*Problem:*
From the entries that follow, report every line in which "image" occurs.

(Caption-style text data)
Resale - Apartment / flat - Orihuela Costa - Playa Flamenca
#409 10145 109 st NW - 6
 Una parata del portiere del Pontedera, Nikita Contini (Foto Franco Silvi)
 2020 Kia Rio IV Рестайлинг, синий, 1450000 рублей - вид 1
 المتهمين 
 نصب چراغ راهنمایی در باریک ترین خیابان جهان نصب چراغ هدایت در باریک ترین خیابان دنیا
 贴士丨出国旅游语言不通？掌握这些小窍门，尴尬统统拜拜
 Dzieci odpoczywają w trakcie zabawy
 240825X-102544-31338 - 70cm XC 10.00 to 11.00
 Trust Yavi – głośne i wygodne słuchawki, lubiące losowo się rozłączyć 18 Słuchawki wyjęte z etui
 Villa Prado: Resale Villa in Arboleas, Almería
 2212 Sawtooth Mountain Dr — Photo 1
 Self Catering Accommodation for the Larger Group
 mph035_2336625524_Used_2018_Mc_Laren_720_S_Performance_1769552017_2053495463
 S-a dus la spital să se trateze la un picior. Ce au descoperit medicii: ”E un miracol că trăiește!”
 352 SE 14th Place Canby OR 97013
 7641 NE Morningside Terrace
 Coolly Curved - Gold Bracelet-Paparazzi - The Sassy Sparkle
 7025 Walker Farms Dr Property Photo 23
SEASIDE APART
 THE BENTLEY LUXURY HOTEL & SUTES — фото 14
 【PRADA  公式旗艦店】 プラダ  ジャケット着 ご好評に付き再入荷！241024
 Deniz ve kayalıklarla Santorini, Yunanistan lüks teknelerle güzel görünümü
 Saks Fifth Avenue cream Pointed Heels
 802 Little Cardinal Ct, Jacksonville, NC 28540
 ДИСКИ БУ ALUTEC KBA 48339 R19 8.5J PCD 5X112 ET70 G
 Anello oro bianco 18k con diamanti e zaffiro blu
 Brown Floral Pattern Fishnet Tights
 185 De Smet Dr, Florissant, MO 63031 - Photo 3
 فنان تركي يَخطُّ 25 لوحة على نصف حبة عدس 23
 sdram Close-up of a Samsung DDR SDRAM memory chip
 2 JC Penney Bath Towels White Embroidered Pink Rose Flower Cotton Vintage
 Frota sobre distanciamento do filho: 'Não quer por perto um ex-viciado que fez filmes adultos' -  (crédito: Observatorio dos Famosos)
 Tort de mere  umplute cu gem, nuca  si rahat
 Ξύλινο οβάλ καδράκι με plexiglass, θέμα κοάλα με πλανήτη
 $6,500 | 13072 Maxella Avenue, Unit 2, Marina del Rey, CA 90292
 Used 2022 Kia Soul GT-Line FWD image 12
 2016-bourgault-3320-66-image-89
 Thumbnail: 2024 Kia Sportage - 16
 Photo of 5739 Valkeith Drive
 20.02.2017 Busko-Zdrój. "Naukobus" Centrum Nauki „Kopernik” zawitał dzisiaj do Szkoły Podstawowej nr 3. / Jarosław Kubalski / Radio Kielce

*Task answer:*
 Used 2022 Kia Soul GT-Line FWD image 12
 2016-bourgault-3320-66-image-89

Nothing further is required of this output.